**Task details**
Could each entry be returned exactly as it appears?
---------- Record excerpts
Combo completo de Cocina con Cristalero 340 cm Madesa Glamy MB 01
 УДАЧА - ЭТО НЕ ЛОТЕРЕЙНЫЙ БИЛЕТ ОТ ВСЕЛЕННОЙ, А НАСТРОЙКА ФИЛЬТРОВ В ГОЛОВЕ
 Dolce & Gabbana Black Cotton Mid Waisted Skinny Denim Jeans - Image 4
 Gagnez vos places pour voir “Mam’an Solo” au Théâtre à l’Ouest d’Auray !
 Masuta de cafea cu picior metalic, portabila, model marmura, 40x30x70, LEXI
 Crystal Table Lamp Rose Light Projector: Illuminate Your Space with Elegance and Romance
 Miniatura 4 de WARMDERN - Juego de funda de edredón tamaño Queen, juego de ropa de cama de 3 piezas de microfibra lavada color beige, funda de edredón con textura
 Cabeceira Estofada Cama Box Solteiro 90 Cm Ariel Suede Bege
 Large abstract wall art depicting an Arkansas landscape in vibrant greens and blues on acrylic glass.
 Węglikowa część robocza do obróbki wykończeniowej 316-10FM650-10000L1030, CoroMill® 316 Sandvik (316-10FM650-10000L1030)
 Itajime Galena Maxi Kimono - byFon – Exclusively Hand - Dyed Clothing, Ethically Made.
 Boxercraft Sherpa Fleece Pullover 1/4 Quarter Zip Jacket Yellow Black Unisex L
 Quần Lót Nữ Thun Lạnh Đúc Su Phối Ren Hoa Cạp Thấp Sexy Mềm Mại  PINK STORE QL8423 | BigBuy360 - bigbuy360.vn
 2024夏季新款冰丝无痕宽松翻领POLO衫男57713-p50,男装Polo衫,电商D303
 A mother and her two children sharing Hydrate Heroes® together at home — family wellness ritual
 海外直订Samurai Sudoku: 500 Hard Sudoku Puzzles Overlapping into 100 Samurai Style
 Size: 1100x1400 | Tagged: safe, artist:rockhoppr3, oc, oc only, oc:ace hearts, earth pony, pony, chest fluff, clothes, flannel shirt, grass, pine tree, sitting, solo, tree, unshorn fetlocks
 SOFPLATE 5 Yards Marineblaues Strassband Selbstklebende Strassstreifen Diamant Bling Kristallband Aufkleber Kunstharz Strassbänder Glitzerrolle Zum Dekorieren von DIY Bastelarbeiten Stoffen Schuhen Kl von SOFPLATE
--------------------
**Exercise solution**
Combo completo de Cocina con Cristalero 340 cm Madesa Glamy MB 01
 УДАЧА - ЭТО НЕ ЛОТЕРЕЙНЫЙ БИЛЕТ ОТ ВСЕЛЕННОЙ, А НАСТРОЙКА ФИЛЬТРОВ В ГОЛОВЕ
 Dolce & Gabbana Black Cotton Mid Waisted Skinny Denim Jeans - Image 4
 Gagnez vos places pour voir “Mam’an Solo” au Théâtre à l’Ouest d’Auray !
 Masuta de cafea cu picior metalic, portabila, model marmura, 40x30x70, LEXI
 Crystal Table Lamp Rose Light Projector: Illuminate Your Space with Elegance and Romance
 Miniatura 4 de WARMDERN - Juego de funda de edredón tamaño Queen, juego de ropa de cama de 3 piezas de microfibra lavada color beige, funda de edredón con textura
 Cabeceira Estofada Cama Box Solteiro 90 Cm Ariel Suede Bege
 Large abstract wall art depicting an Arkansas landscape in vibrant greens and blues on acrylic glass.
 Węglikowa część robocza do obróbki wykończeniowej 316-10FM650-10000L1030, CoroMill® 316 Sandvik (316-10FM650-10000L1030)
 Itajime Galena Maxi Kimono - byFon – Exclusively Hand - Dyed Clothing, Ethically Made.
 Boxercraft Sherpa Fleece Pullover 1/4 Quarter Zip Jacket Yellow Black Unisex L
 Quần Lót Nữ Thun Lạnh Đúc Su Phối Ren Hoa Cạp Thấp Sexy Mềm Mại  PINK STORE QL8423 | BigBuy360 - bigbuy360.vn
 2024夏季新款冰丝无痕宽松翻领POLO衫男57713-p50,男装Polo衫,电商D303
 A mother and her two children sharing Hydrate Heroes® together at home — family wellness ritual
 海外直订Samurai Sudoku: 500 Hard Sudoku Puzzles Overlapping into 100 Samurai Style
 Size: 1100x1400 | Tagged: safe, artist:rockhoppr3, oc, oc only, oc:ace hearts, earth pony, pony, chest fluff, clothes, flannel shirt, grass, pine tree, sitting, solo, tree, unshorn fetlocks
 SOFPLATE 5 Yards Marineblaues Strassband Selbstklebende Strassstreifen Diamant Bling Kristallband Aufkleber Kunstharz Strassbänder Glitzerrolle Zum Dekorieren von DIY Bastelarbeiten Stoffen Schuhen Kl von SOFPLATE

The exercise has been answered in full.